Lallement G, Foquin A, Baubichon D, Burckhart M F, Carpentier P, Canini F
Unité de Neuropharmacologie, Centre de Recherches du Service de Santé des Armées, La Tronche, France.
Neurotoxicology. 1998 Dec;19(6):759-66.
Stress due to forced swimming was recently shown to allow penetration of pyridostigmine (PYR) into the brain of mice. Accordingly, it was suggested that in troops exposed to emotional stress under conditions of war, as during the Gulf War, the BBB may have unexpectedly become permeable to PYR thus leading to an increased frequency of CNS symptoms. In this study, the entry of PYR into the brain was investigated in guinea pigs subjected to different heat stress levels. In a first group, guinea pigs were maintained at room temperature for 2 hours, their core temperature remaining stable at about 39.8 degrees C. In a second group, animals were placed in a climatic chamber in order to keep their core temperature at 41.5 degrees C for 2 hours. In a third group, animals were subjected to a high ambient temperature (42.6 degrees C) during about 2 hours and developed heatstroke symptoms, their core temperature progressively increasing and reaching around 44.3 degrees C. In each group, the stress of the animals was assessed by measuring the increase of plasma cortisol level. PYR (0.2 mg/kg, s.c.) was injected 90 minutes after beginning the experiment. Penetration of the drug into the brain was examined by measurement of acetylcholinesterase (AChE) activity in the cortex, the striatum and the hippocampus of the animals 30 minutes after PYR administration. A passage of this drug into the brain was also evaluated autoradiographically after i.v. injection of tritiated PYR 90 minutes after the beginning of the experiment (100 microCi/animal). Whatever the group examined, no entry of PYR into the CNS could be detected. Exposure to an ambient temperature at 42.6 degrees C for 2 hours resulted by itself in a partial inhibition of cerebral AChE activity. Our results, which agree with previous data obtained in humans exposed to heat stress, are opposite to the recent research showing a central passage of PYR in mice following a forced swim stress test. This demonstrated that the penetration of PYR into the brain of rodents under stress depends on the experimental conditions used (animal species, nature of the stressor, etc.). Extrapolations to humans of results primarily obtained in rodents about central passage of a drug under stress must thus be done very carefully.
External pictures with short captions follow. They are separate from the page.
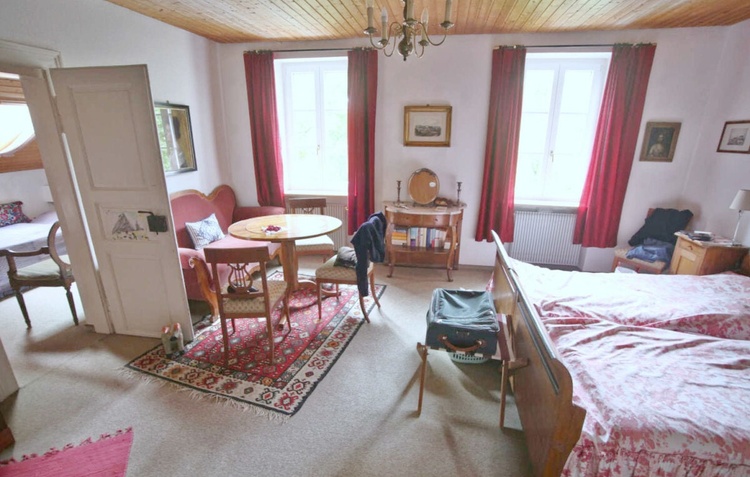 Schlafzimmer oben Schlafzimmer oben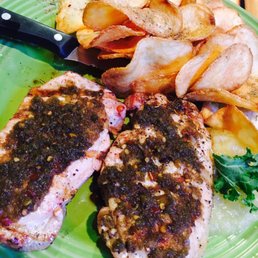 Pork Chops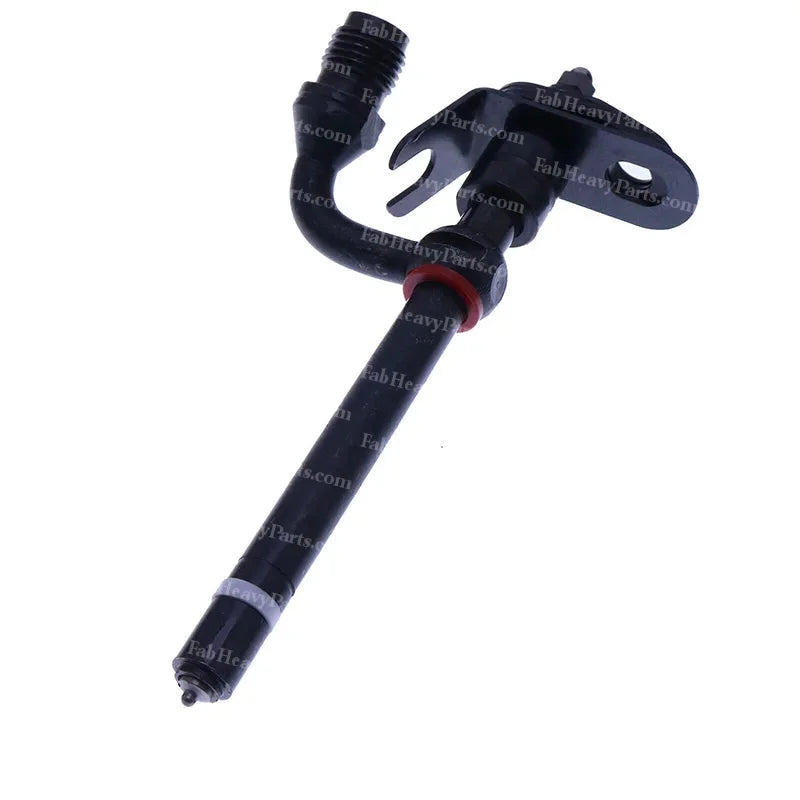 6PCS Fuel Injector RE48786 Fits for John Deere 350 330B 5303 6110 5220 1450 1550 4045 1450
最近研究表明,强迫游泳造成的应激可使吡啶斯的明(PYR)进入小鼠大脑。因此有人提出,在战争等情况下,如海湾战争期间,暴露于情绪应激的部队中,血脑屏障(BBB)可能意外地对PYR变得通透,从而导致中枢神经系统(CNS)症状出现频率增加。在本研究中,我们研究了处于不同热应激水平的豚鼠中PYR进入大脑的情况。第一组豚鼠在室温下饲养2小时,其核心体温保持在约39.8℃稳定。第二组动物被置于气候箱中,以使它们的核心体温在41.5℃保持2小时。第三组动物在约2小时内处于高温环境(42.6℃)并出现中暑症状,其核心体温逐渐升高并达到约44.3℃。在每组中,通过测量血浆皮质醇水平的升高来评估动物的应激情况。在实验开始90分钟后皮下注射PYR(0.2mg/kg)。在给予PYR 30分钟后,通过测量动物大脑皮层、纹状体和海马体中的乙酰胆碱酯酶(AChE)活性来检查药物进入大脑的情况。在实验开始90分钟后静脉注射氚标记的PYR(100μCi/动物)后,也通过放射自显影评估该药物进入大脑的情况。无论检查哪一组,均未检测到PYR进入中枢神经系统。暴露于42.6℃的环境温度2小时本身会导致大脑AChE活性部分受到抑制。我们的结果与先前在暴露于热应激的人类中获得的数据一致,与最近关于强迫游泳应激试验后PYR在小鼠中进入中枢的研究结果相反。这表明应激条件下PYR进入啮齿动物大脑取决于所使用的实验条件(动物种类、应激源性质等)。因此,将主要在啮齿动物中获得的关于应激条件下药物进入中枢的结果外推至人类时必须非常谨慎。